PROBLEM DESCRIPTION
Out of the material that follows, write out exactly the lines from the line with "(3pc) DELFT &" to the line with "At Home. Two", both ends included, and no others.

DATASET RECORDS

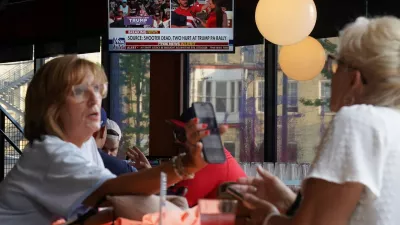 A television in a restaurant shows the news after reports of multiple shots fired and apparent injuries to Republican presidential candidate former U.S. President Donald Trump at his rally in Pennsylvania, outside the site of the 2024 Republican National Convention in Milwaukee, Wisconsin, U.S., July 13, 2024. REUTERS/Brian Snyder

--

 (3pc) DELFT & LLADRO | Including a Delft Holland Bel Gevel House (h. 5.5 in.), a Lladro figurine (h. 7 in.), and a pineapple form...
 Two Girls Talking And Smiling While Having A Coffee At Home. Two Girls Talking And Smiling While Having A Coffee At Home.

--

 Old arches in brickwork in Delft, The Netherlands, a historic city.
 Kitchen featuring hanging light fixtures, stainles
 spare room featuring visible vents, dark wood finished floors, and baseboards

ANSWER TO THE PROBLEM
 (3pc) DELFT & LLADRO | Including a Delft Holland Bel Gevel House (h. 5.5 in.), a Lladro figurine (h. 7 in.), and a pineapple form...
 Two Girls Talking And Smiling While Having A Coffee At Home. Two Girls Talking And Smiling While Having A Coffee At Home.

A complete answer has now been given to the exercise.